Otoniel and the medicine man had a short conversation, Punchau's Huaca much better than his Spanish. As they talked, a rusty pick-up truck bounced across the fields, Pachacamac sitting in the passenger seat and his son Anqas behind the wheel. There were a few men in the bed of the truck, which came to an abrupt halt a few feet from the hectic scene around Dr. Walter Newcomb. Dust rose into the air as Pachacamac stepped out, stooping down alongside Punchau. As the chief and his medicine man talked soberly, Otoniel turned to Russ and Summer.
"I should have fixed our jeep," Otoniel cried, a worried look in his eyes. "I should have fixed out jeep."
The jeep that Ambrosia Pharmaceuticals had purchased for the small team of scientists had been broken for over a week and half. Otoniel had been pressing Walter about the need to fix it, in case an emergency arose, but Walter had told Otoniel to focus on other tasks around the Ambrosia camp, like the water, the radio, and so on and so on. They weren't planning on making a supply run into San Eduardo for another two weeks, and in Walter's opinion, there were better things that the Bolivian could be doing with his time.
"Calm down, Oto," Russ consoled the other man. "The Huaca have a truck - I'm sure that they'll let us borrow it to take Walter to the hospital. Now, what else did Punchau say about Walter?"
As Otoniel translated what the medicine man had said earlier, one of the villagers from the back of Anqas's pick-up began rubbing a thick white paste onto Walter's leg.
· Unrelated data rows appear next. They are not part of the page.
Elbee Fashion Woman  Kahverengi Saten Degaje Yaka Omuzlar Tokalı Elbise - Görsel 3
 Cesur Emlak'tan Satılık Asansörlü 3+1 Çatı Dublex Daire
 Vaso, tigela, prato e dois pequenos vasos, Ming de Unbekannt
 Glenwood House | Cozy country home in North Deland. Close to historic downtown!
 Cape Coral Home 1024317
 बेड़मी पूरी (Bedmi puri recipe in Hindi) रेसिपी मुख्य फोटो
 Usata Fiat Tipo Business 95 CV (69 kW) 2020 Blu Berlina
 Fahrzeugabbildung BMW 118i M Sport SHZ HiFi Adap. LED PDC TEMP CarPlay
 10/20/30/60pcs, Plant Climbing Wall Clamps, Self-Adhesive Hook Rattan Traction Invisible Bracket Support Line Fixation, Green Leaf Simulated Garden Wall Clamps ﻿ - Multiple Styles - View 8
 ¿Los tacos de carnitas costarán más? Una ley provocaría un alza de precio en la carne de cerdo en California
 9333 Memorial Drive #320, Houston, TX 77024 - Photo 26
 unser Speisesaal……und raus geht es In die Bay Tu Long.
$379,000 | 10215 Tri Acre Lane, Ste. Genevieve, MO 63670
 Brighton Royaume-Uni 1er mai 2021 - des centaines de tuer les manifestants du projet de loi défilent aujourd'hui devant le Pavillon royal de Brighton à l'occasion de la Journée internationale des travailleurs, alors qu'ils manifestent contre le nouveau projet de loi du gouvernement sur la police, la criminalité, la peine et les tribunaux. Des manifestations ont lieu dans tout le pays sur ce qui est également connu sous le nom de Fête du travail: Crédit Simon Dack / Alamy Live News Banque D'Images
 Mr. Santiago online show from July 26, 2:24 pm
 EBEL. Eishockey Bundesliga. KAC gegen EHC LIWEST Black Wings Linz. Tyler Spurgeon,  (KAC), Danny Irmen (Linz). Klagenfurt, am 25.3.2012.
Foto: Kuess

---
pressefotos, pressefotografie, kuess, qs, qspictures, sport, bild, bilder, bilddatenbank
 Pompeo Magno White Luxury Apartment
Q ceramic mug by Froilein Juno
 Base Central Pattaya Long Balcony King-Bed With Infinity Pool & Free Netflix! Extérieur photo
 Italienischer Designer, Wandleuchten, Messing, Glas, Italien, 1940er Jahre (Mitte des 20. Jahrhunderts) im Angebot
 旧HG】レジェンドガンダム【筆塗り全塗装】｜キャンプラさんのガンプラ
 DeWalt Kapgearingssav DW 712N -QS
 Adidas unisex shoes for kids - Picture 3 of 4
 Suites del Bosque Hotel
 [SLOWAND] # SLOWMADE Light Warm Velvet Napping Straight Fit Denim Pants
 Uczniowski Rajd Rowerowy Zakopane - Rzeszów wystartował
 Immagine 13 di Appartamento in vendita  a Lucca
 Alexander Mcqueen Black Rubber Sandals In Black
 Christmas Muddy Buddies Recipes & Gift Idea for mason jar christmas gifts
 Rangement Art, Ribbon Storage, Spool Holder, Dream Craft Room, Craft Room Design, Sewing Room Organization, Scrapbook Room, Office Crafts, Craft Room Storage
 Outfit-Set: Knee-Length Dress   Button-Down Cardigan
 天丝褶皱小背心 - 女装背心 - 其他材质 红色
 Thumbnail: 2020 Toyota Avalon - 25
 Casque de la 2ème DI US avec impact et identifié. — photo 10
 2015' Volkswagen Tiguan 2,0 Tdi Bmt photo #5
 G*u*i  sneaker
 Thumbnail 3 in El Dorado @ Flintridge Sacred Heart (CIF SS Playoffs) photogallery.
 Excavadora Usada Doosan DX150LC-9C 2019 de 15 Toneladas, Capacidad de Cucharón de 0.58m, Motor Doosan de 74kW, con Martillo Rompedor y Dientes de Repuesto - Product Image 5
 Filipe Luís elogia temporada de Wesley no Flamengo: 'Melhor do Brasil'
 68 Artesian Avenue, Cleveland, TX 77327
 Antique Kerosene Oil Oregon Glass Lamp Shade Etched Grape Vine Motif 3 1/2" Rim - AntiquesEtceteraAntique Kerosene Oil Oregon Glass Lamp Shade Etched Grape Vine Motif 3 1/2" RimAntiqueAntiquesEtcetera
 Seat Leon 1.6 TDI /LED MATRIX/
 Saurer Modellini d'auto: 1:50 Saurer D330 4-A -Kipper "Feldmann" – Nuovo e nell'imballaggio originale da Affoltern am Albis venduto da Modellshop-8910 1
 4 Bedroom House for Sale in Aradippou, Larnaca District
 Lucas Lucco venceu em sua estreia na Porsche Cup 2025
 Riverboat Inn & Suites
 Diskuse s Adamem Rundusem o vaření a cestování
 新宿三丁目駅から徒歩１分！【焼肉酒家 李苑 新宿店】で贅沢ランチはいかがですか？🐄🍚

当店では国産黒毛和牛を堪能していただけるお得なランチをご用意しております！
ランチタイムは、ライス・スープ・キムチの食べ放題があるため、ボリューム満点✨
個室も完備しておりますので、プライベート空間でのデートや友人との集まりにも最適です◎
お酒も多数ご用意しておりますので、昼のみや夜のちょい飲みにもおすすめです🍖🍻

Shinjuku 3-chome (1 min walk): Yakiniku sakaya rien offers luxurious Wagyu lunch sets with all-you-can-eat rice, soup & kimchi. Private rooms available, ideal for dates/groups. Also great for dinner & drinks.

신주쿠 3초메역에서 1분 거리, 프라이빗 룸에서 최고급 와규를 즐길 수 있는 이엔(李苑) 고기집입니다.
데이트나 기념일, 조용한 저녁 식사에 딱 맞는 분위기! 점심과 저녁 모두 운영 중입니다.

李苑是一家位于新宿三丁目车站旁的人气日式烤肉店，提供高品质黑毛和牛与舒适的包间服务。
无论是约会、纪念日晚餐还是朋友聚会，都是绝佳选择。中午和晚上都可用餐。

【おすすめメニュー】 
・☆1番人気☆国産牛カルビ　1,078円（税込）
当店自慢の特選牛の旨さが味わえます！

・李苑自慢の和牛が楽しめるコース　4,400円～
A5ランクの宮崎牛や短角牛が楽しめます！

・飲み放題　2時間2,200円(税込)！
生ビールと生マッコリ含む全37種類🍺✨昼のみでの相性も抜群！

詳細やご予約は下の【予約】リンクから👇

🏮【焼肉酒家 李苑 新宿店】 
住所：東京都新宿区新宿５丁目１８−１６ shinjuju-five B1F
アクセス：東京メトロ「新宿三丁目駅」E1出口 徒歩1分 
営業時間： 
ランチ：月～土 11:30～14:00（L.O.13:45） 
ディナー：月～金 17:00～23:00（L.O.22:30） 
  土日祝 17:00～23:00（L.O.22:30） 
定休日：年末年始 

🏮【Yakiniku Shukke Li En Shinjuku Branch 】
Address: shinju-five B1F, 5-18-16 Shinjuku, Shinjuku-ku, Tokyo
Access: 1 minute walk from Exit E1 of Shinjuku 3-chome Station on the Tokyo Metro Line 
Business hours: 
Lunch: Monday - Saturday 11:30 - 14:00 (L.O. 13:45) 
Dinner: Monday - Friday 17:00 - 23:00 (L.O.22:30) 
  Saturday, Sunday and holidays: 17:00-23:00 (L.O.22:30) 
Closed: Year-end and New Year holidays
Almost immediately, the older man's shivering and shaking had stopped, and he seemed to calm down.
"What is that?" Summer asked, surprised that the cream was even having an effect. She had half-expected nothing to happen, thinking it was nothing more than a superstitious herbal remedy.
"Samincha. It's a native blend of roots, leaves, and berries from plants around the valley," Otoniel explained. "It's not a cure, though; it simply helps the pain go away."
Pachacamac clapped to get Otoniel's attention, and began talking with the team's translator. As Summer ran her hand across Walter's forehead in an effort to calm him down, she listened to an increasingly insistent conversation on the part of both men involved. Otoniel was clearly upset, but Pachacamac seemed just as annoyed.
"What?" Russ asked. "What is he saying?"
Otoniel gave one last angry glance towards the chief before turning to two Americans in front of him. "He says that his son will take us to the hospital in Guayaramerin, but he doesn't trust us with the truck."
"'Doesn't trust us?'" Russ asked, not believing what he had heard. "Anqas is going to be with us. Doesn't he trust his truck with his own son?"
The translator shook his head. "We need to give him some sort of collateral, some sort of insurance that we will bring the truck back."
"But Anqas is going to be with us, right? He's driving us to Guayaramerin, isn't he?"
Calming himself down, Otoniel explained, "You have to understand that this truck is the only vehicle for miles, Doctor Szalinski. Hanan Pacha relies on it day in and day out. For Pachacamac to let us use the truck, even to take Walter to Guayaramerin, requires a lot of trust on his part."
"Russ, let's just give him something," Summer interjected. "Whatever it is, we can come back for it. It's going to take us twenty-seven hours to get to the hospital, and from what I understand, that's about three hours longer than Walter has. Whatever he wants, let's just leave it here, because we need to go NOW. Even if it's some of the expensive equipment, we're going to be back for it. We aren't planning to steal the truck."
"Fine, fine," Russ replied. "What does he want, Oto?"
Otoniel swallowed hard, obviously nervous about the chief's demand. "He wants Summer."
Summer and Russ both exchanged a look of concern. The woman, in disbelief, asked, "He wants me?"